Fashion Week in New York, one year later: 12 months after the last live fashion week, the bandwagon of the fashion shows restarts in the Big Apple from 14 to 17 February in an almost exclusively virtual format.
The system has adapted to life in lockdown, but continues to hope for a day when it will be possible to return to dressing as before the pandemic.
For the new fall / winter 2021-22 collection Alexandra O'Neill, the Markarian designer who dressed Jill Biden for the Inauguration Day, was inspired not only by China, but also by ancient Rome: draped tunics, velvets, brocades, gold, a wink to Bacchus, god of wine, all in the name of the comfort of clothes that can be worn at home as well as outside.
O'Neill, who studied mythology and classical art in college, became world famous on January 20: after dressing the new First Lady, her social following doubled overnight and traffic of the brand on the Moda Operandi platform recorded an increase of 570 percent.
Missing the usual Fashion Week setting, the New York week has shrunk and expanded at the same time, and many big names like Ralph Lauren, Marc Jacobs and Tory Burch have dropped out of the game.

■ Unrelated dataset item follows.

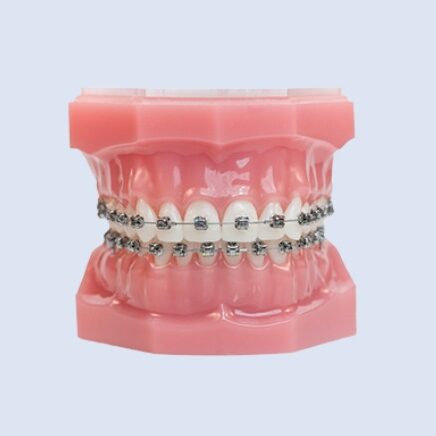 Metal braces lake mary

Tom Ford, the president of the Council of Fashion Designers of America, has created an "American Collections Calendar" which brings together "stars and stripes" signatures also scheduled outside the traditional dates of mid-February: Christian Siriano, LaQuan Smith, Prabal Gurung, Coach 1941 Oscar de la Renta and Michael Kors are staggered between the end of the month and mid-April.
In the meantime, Ford will close the dance on Wednesday 17 and then move on to Harlem's Fashion Row Summit the next day with a speech on
the increasingly topical theme of fashion dedicated to inclusion.
Other themes are starting to emerge:
sustainability, comfort, gender fluid, social commitment
.
Jason Wu
, one of the very few US designers to challenge the pandemic with a show for a few close friends in a vacant Noho shop transformed into a fruit and vegetable market for one evening, sent "immediately wearable" garments and a "preppy" inspired look to the catwalk how to dress in Connecticut, the state where the designer spent most of the months of the pandemic.
Social commitment for
Imitation of Christ, Tara Subkoff's brand
centered on the
"resurrection" of second-hand garments: the
designer who recently survived Covid presented clothes for men and women decorated with fringes and beads.
The entire collection went on sale in real time on
the second-hand branded platform "The Real Real"
with half of the proceeds donated to Greta Thunberg's organization Fridays for Future.